**Exercise instructions:** Please return the listing exactly as it stands, skipping any pictures.

**Exercise data:**
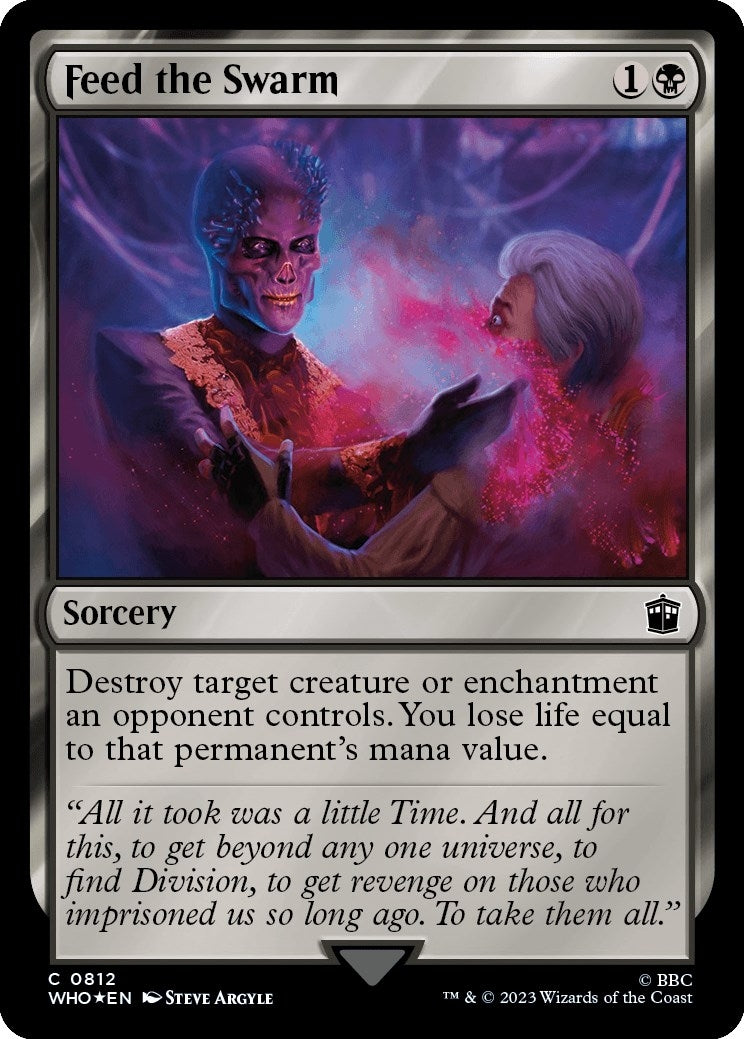 Image for Feed the Swarm (Surge Foil) (812) - Magic: The Gathering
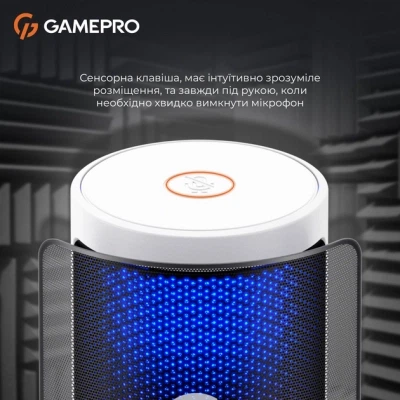 Мікрофон GamePro UGM105W White (UGM105W) - Фото 3 Мікрофон GamePro UGM105W White (UGM105W) - зображення 3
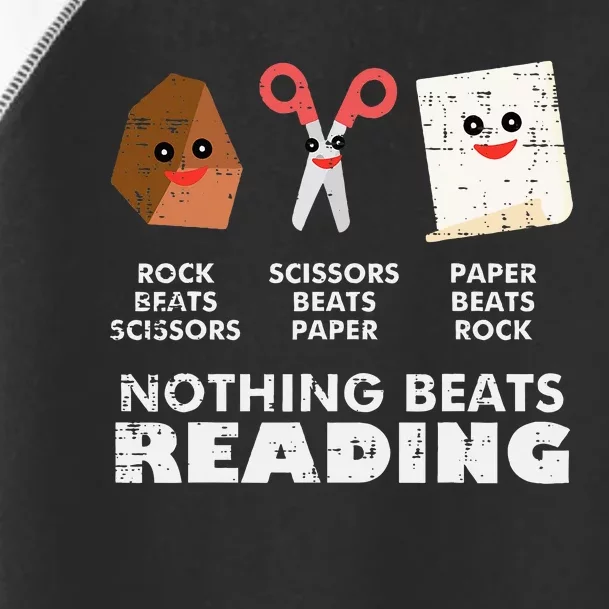 Nothing Beats Reading Book Librarian Across America Toddler Fine Jersey T-Shirt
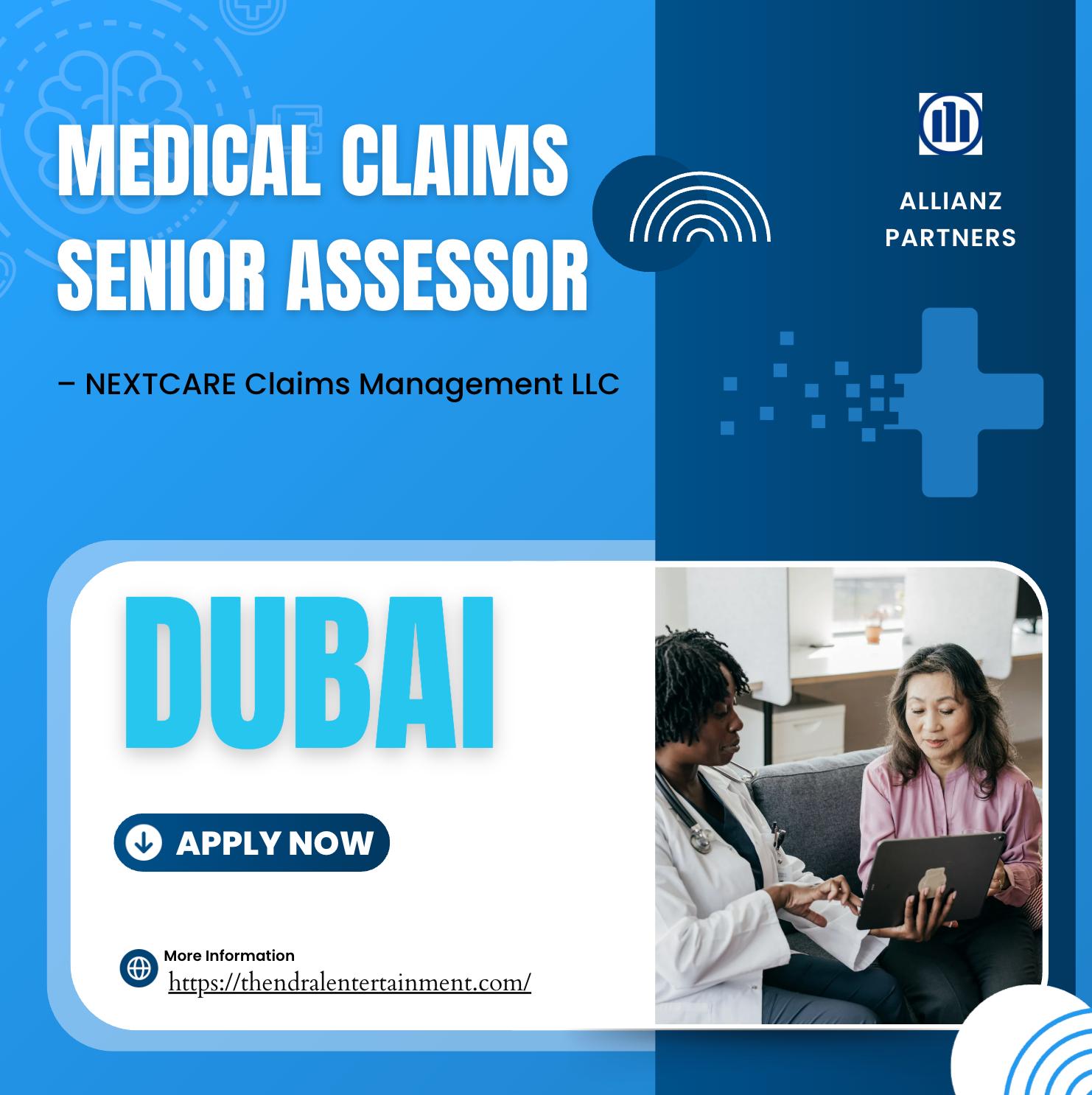 Insurance Careers Dubai 2025 – Exciting Medical Claims Senior Assessor Role at Allianz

**Finished task:**
 Image for Feed the Swarm (Surge Foil) (812) - Magic: The Gathering
 Мікрофон GamePro UGM105W White (UGM105W) - Фото 3 Мікрофон GamePro UGM105W White (UGM105W) - зображення 3
 Nothing Beats Reading Book Librarian Across America Toddler Fine Jersey T-Shirt
 Insurance Careers Dubai 2025 – Exciting Medical Claims Senior Assessor Role at Allianz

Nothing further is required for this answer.